I remember the first time I ever seriously considered the word “widow.” Of course I knew what it meant and defined it by the many elderly ladies I knew who were widows. But no definition of the word widow would be complete without its emotional component.
When my friend Carole lost her husband Reggie to melanoma cancer, the full force of the word began to register. After he died, I flew from Chicago to Asheville, North Carolina, to be with my good friend.
The day I arrived, she and I, along with her 7 children, drove to the funeral home to see Reggie one last time. His service was to take place the next day, so this was their final goodbye. It was a difficult hour, especially for the kids, but the room was filled with loving words and touches, a testimony to the good father and husband he was.
As we left the funeral home, Carole leaned over and whispered, “I’m not sure I’ll ever get used to the widow-word.”
And that’s the instant when its meaning came to life. This was my pal, a buddy through college years, teaching years, our weddings, and many babies. Her Reggie and my Nate were strong friends, and the future looked bright.
But a widow? How could we be a foursome without Reggie?
The widow-word ultimately settled in on Carole and she coped valiantly with it, but today, I no longer tag her that way. Though she’s still a widow, more so she is “my friend Carole.” She’s the same spunky person I’ve always known and is just as involved in the lives of others as she’s always been.
Now that Nate has been gone for 2½ years I can honestly say I’ve gotten used to the widow-word, too. In the beginning I hid behind it, craving time alone. Later, I worked to accept it. Eventually the widow-word wrapped itself around me like a cozy cloak as I gratefully accepted the help and love others gave.
But these days, something else is happening. Although I’ll probably be a widow for the duration, the widow-word has relocated itself to a mental back burner. Other words are bubbling up in front of it: grandma, writer, pray-er… and daughter of God.

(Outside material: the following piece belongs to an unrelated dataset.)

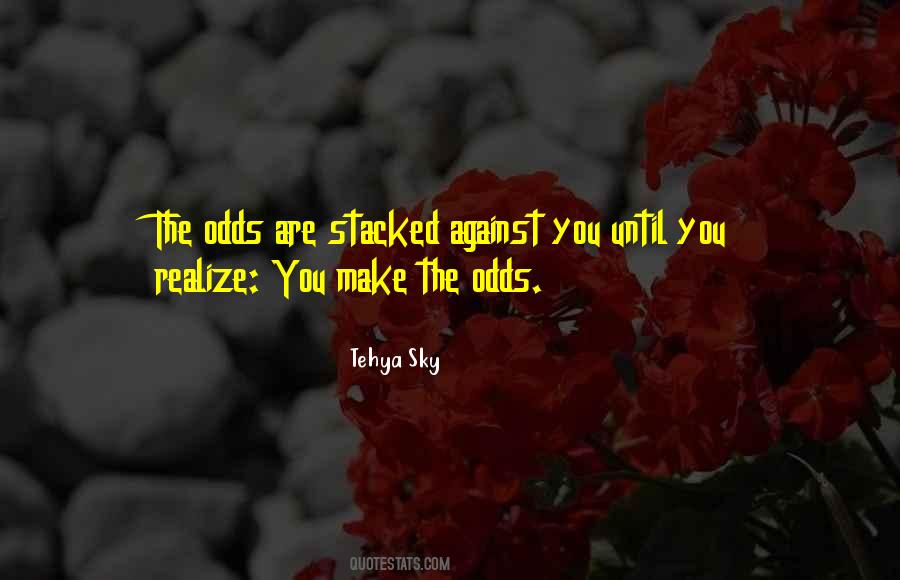 Quotes About Love Against All Odds #1463881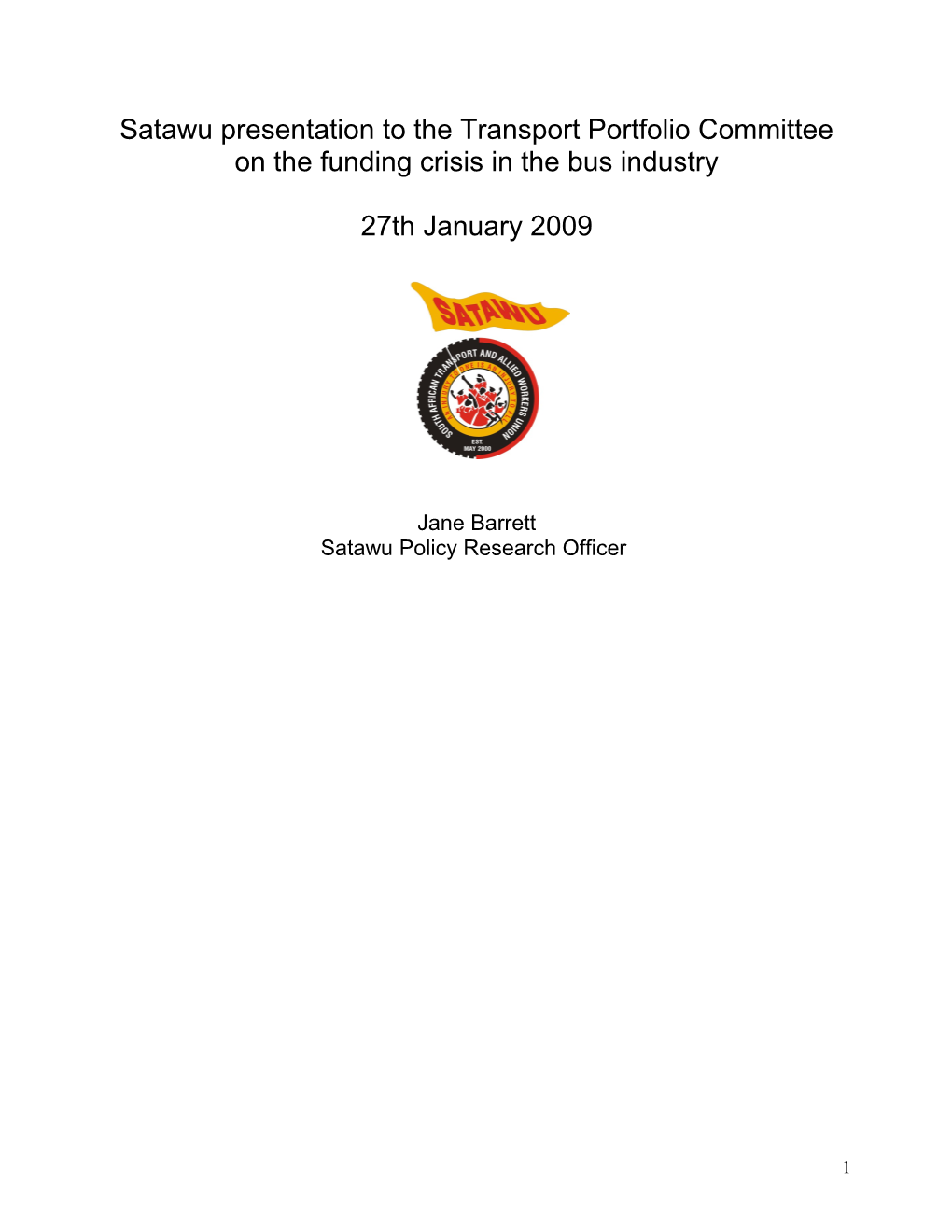 Satawu Briefing Document on the Funding Crisis in the Bus Industry 23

Though I’ve been God’s child for many years, it was widowhood that made me cling to him in new, practical ways. He is aware of each of our identity crises. He knows radical change is traumatic at best, but as always, he offers a solution: instead of identifying with the labels of this life, simply identify with him. Scripture describes (in over 200 references) what it means to be “in Christ,” and it’s all good.
Both Carole and I know, if the choice is the “widow-word” or the label “in Christ,” there’s no contest.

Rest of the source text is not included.